Single by Sugababes

from the album Sugababes
- Released: 24 September 2026
- Genre: Dance-pop
- Length: 3:37
- Label: Sacred Three
- Composers: Jon Shave; Keisha Buchanan; Mutya Buena; Siobhán Donaghy; Wayne Hector;
- Producer: Jon Shave;

Sugababes singles chronology
| "Shook" (2025) | "Ghost" (2026) |  |

Music video
- "Ghost" on YouTube

= Ghost (Sugababes song) =

2026 song by Sugababes

"Ghost" is a song by English girl group Sugababes. It was released on 24 September 2026, through Sacred Three, as the lead single from the group's upcoming self-titled ninth studio album.

Lyrically, the song explores the notion of being ghosted, and was written by the group alongside Jon Shave and Wayne Hector. An associated music video was released for the song, which was directed by Thomas James.

== Composition ==
"Ghost" is a dance-pop song, which lyrically was inspired by group member Siobhán Donaghy's experience of being "ghosted" by her first love. According to Attitude magazine, the song deals with "the difficulty of letting someone go while still being haunted by their presence". The song's production was intended to feel "scuzzy and imperfect", rather than over-produced, with the group believing this approach gave it additional character.

==Music video==
An accompanying music video for "Ghost" was filmed in London at night and directed by Thomas James, which debuted alongside the single on the evening of its release. The video is themed around a funeral, where Donaghy and Buchanan are dressed in black, whilst Buena wears a red latex dress and a black fur jacket. It begins with a montage of parts of the video, before Buena begins the opening verse sat on the edge of a grave in front of a gravestone.
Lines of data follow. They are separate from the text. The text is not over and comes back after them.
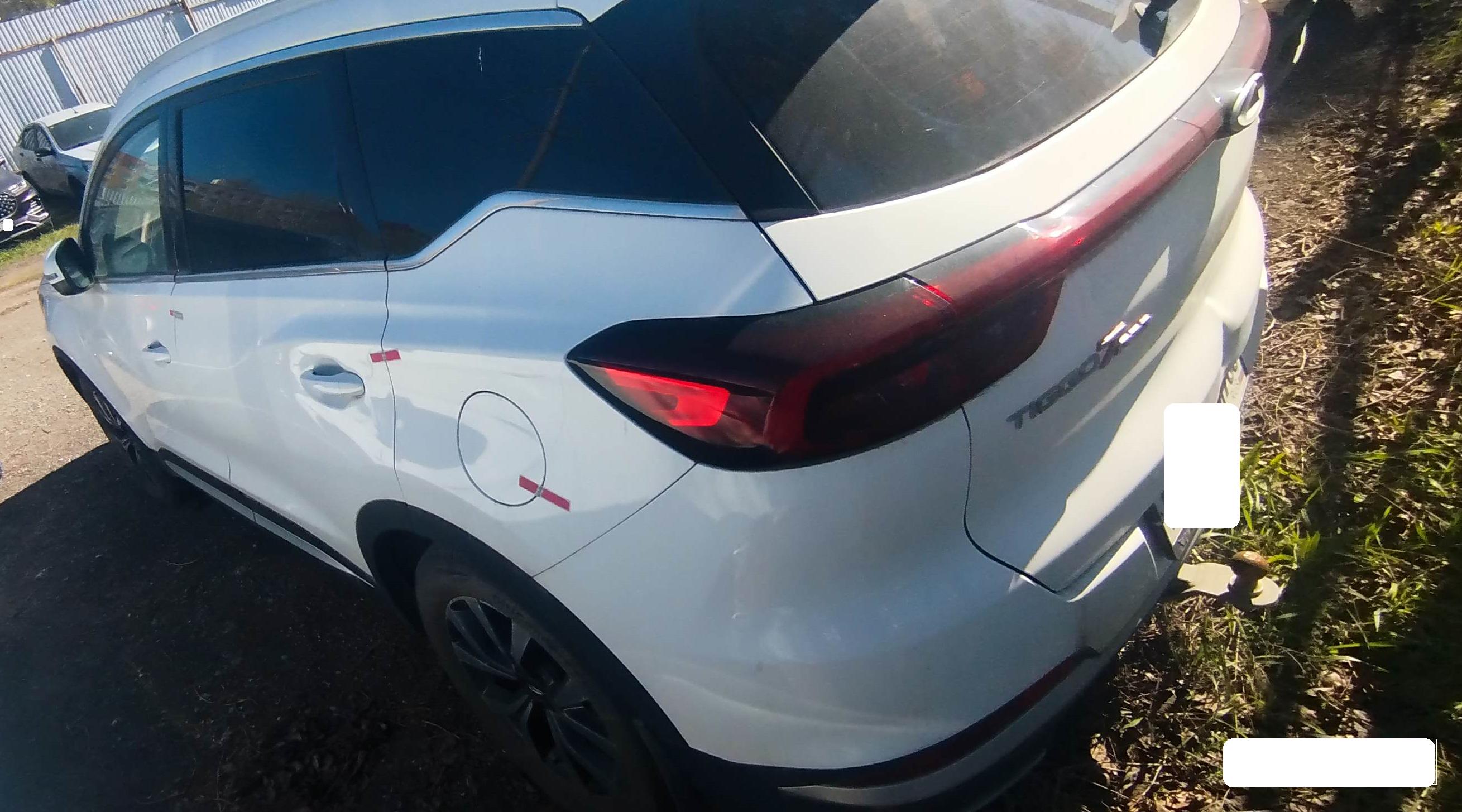 Chery Tiggo 7 Pro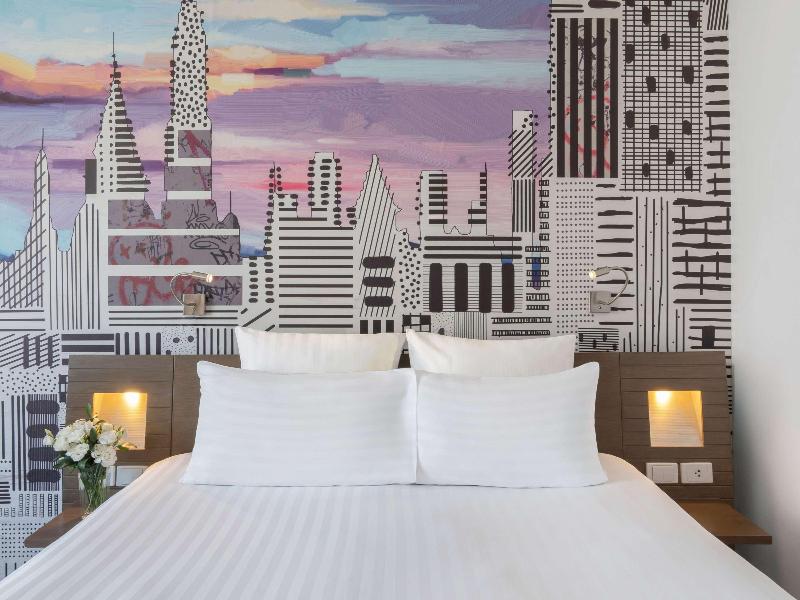 Novotel Bangkok On Siam Square - Oda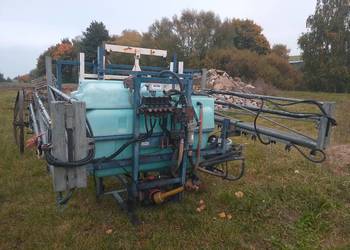 Opryskiwacz sieger 800l 21m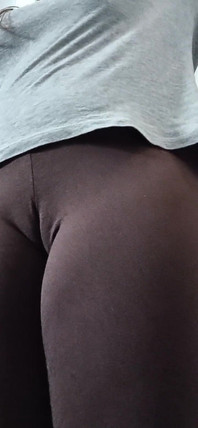 Do You Like My Camel Toe?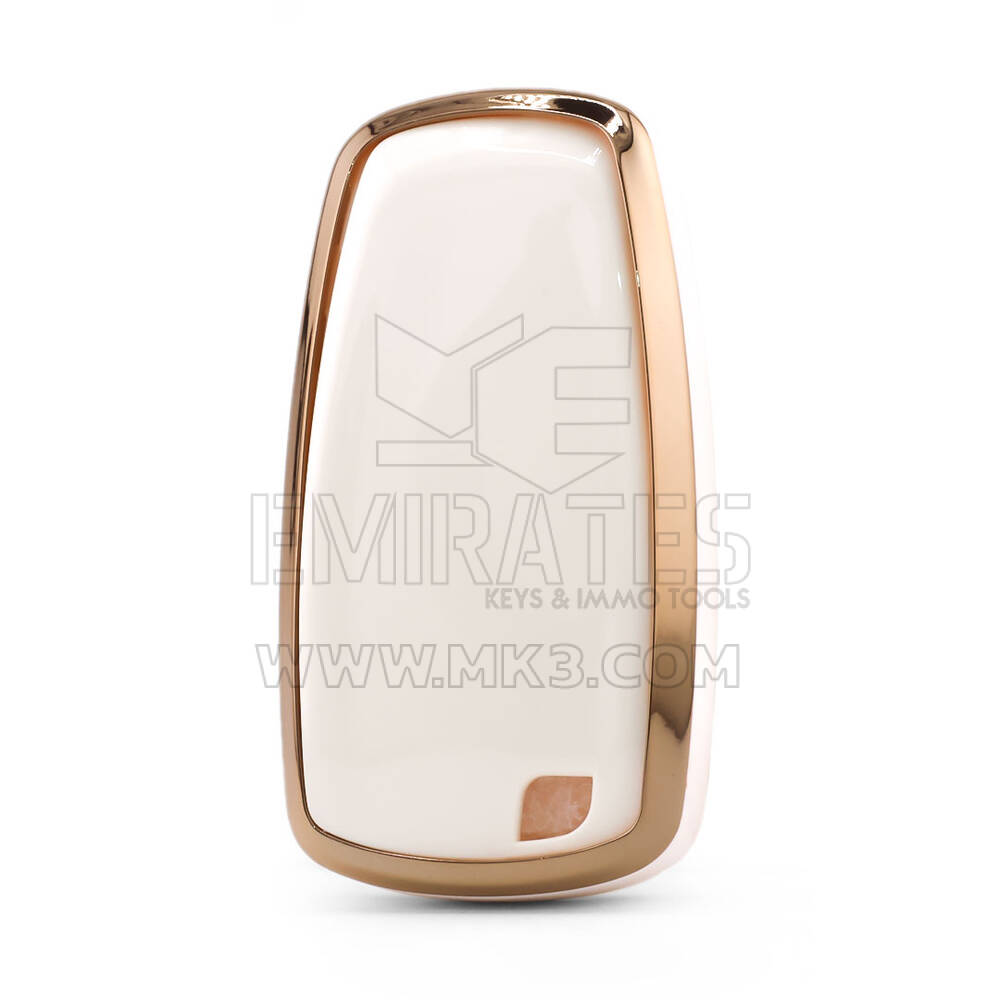 Nano Cover For Ford Remote Key 3 Button White Ford-B11J3B | MK3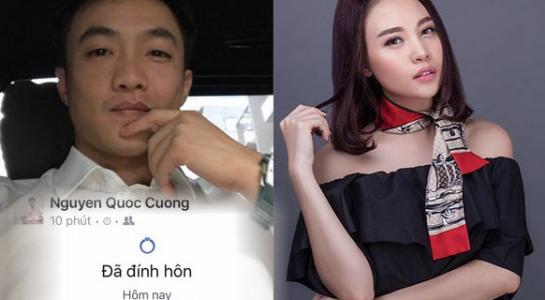 Không còn e ngại, Cường Đô La công khai ảnh Đàm Thu Trang lên trang cá nhân-3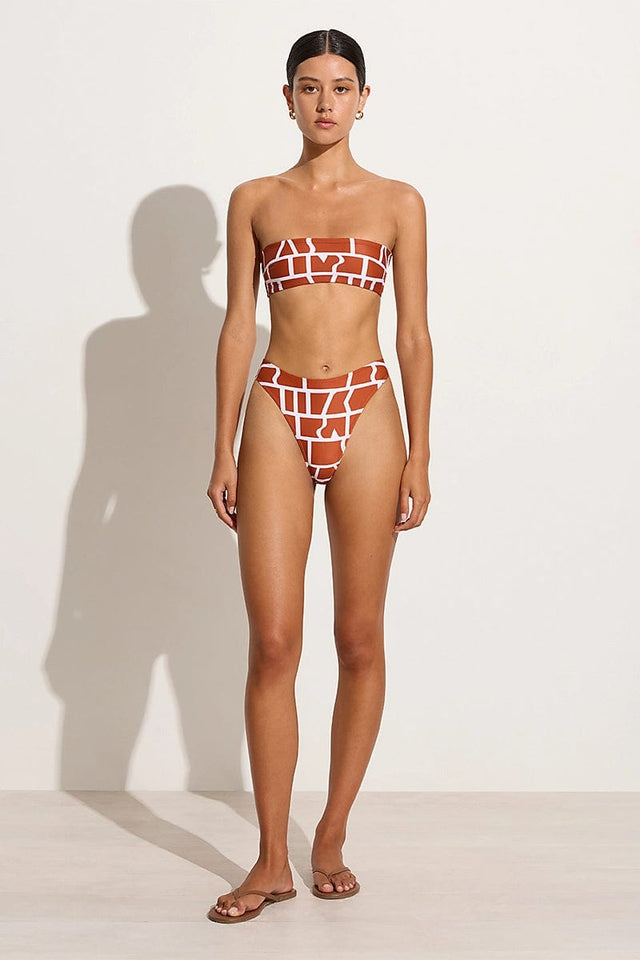 Dylla Bikini Bottoms La Pacifica Final Sale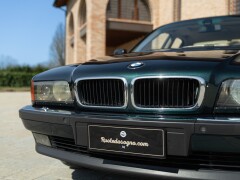BMW 725 TDS 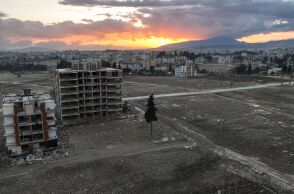 Τουρκία: 865 χρόνια κάθειρξη σε εργολάβο πολυκατοικίας που κατέρρευσε του 2023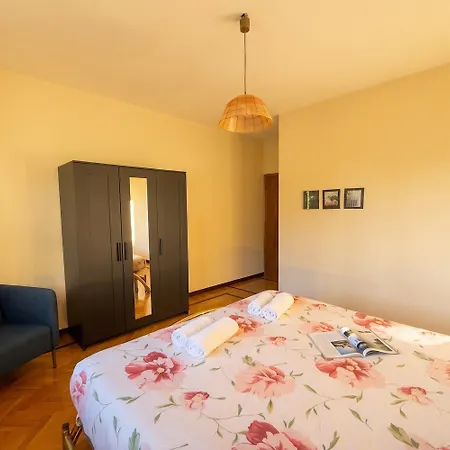 Isola Vista - Terrazzo Lägenhet *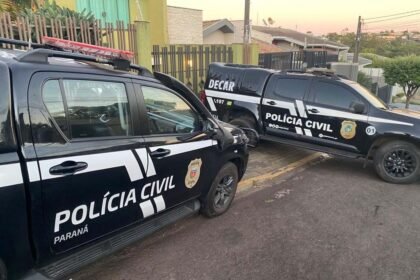 Polícia Civil do Paraná (PCPR)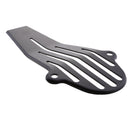 Motorcycle Black Aluminum Drive Shaft Cover for Yamaha V-Star 650 Classic Custom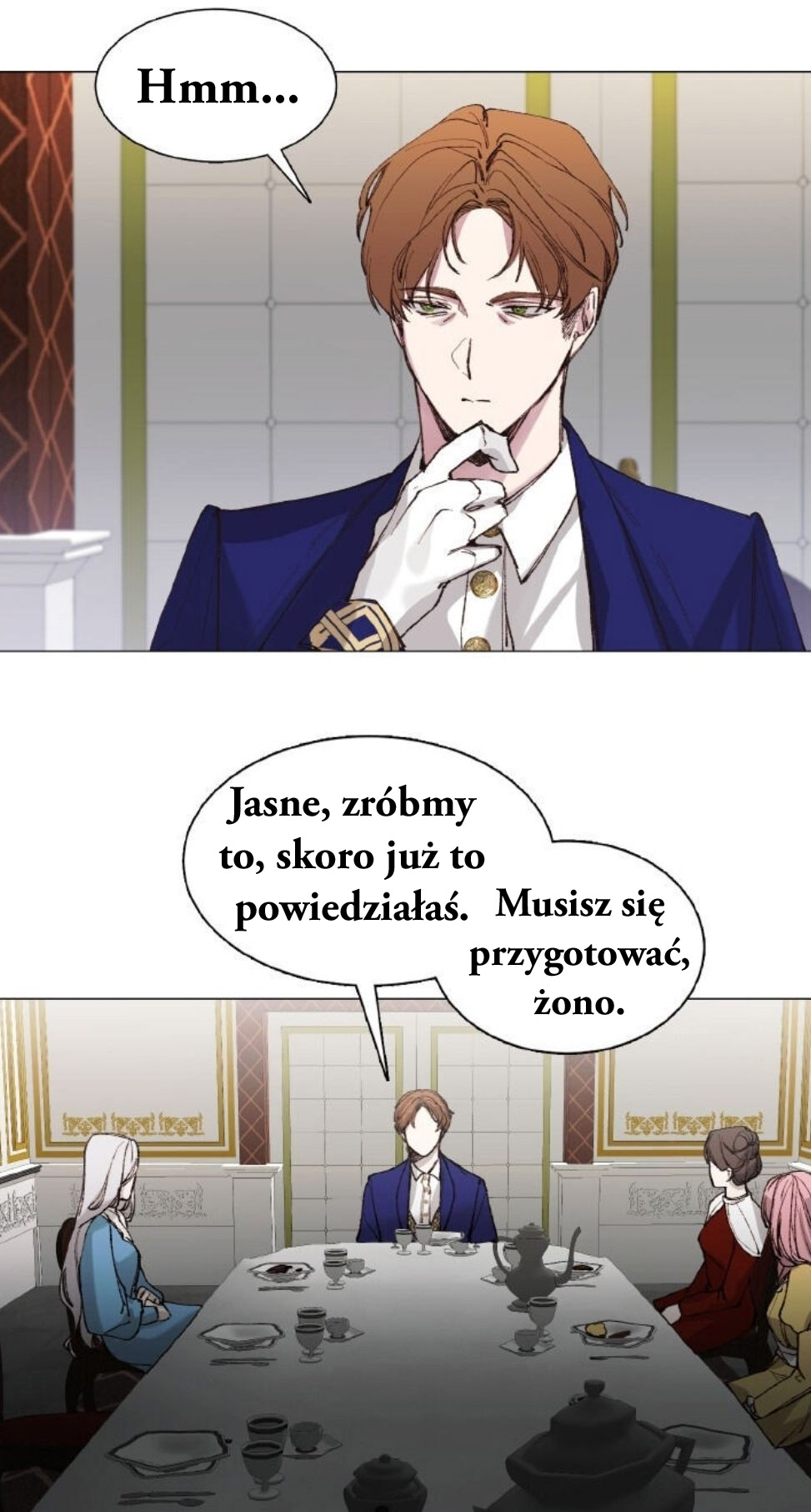The Villainess Needs Her Tyrant Ch. 3 第40页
A funeral cortège with numerous dancers with red veils is seen throughout the video, with the group leading the procession, along with a blonde woman. Buchanan and Donaghy's verses in the video take place inside a church. In another part of the video, the dancers are seen carrying a coffin into the church, with the group walking in front of them. During the bridge of the song, the group are seen standing at the edge of the grave as the dancers lower the coffin into the ground. The dancers perform choreography throughout the video, at one stage the blonde woman is seen opening her hand with a key in her palm. The video concludes with a man climbing out of the grave.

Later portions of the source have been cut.